The letter could be read to say that prescribing those drugs
for that treatment might
land physicians in hot water. Whether that interpretation is a correct one
hinges on whether use of the word “or” in the phrase “without further proof of
efficacy for treating COVID-19 or with the intent to stockpile the drug” was
intentional or was a stray word mistakenly inserted and not later removed only
because of the time pressure that the drafters had to cope with. 

The
issue is now likely moot if media reports are true that Whitmer has asked
Trump for supplies of the drug.

What lessons
should we draw from all of this?

First, state agencies appear to have a legitimate worry that people who stockpile a drug known to treat other diseases can wind up injuring patients who need and use that drug regularly if they can’t get it.  Needless stockpiling of drugs that patients take for non-COVID-19 diseases will harm them, and we should avoid that prospect.  That is likely what the Nevada and Michigan officials were trying to address, rather than to interdict the use of hydroxychloroquine and chloroquine in particular cases.

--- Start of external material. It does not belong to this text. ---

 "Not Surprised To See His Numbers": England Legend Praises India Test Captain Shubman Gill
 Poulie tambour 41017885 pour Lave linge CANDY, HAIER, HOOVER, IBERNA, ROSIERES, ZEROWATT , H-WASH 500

Second, it would be helpful if government officials were precise when drafting executive orders for implementation by treating physicians, who are not lawyers and who have their hands quite full right now.  But time is critical for everyone fighting COVID-19, so government officials may not have been as precise as they should have been.  They need to be particularly careful here, because misinterpretations can lead to mistakes and cause needless anxiety—if not outright panic—at a time when we can afford neither.

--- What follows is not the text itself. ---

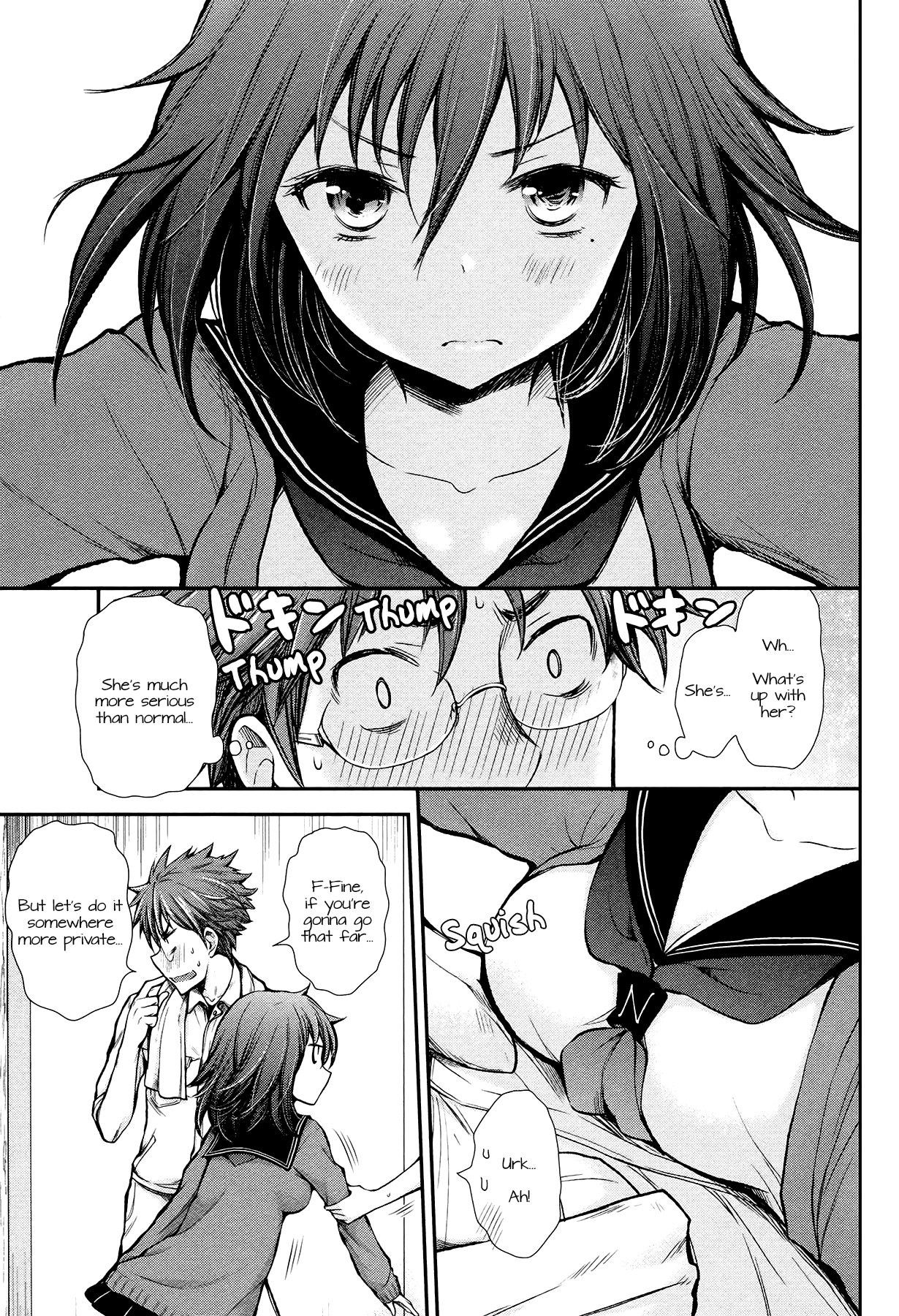 Read Henjo Hen na Joshikousei Amaguri Senko Manga Online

Third, it never makes sense for politicians to talk about a subject beyond their expertise, especially ones of a medical nature.  Most politicians have a knowledge base that is a mile wide and an inch deep—at best. As that great Western philosopher “Dirty Harry” Callahan taught us: “A man’s got to know his limitations.” When politicians go beyond that, they risk looking foolish. 

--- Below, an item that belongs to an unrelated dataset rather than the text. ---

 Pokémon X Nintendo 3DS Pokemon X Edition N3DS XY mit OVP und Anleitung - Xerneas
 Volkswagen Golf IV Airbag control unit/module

Then-New York Mayor Rudy Giuliani did
a masterful job in his post-9/11 press conferences in that regard.  He opened them by summarizing what New York
City was doing in the aftermath of the attack on the Twin Towers.  He then turned the lectern over to the
experts who could answer questions about the details. 

Fourth, the media need to be particularly careful when describing what government officials have ordered.  While they also operate under deadlines, details and nuances matter, and they need to spend the time to get it right. That is especially so now, since most Americans are housebound and relying on the media to help guide us through these difficult times.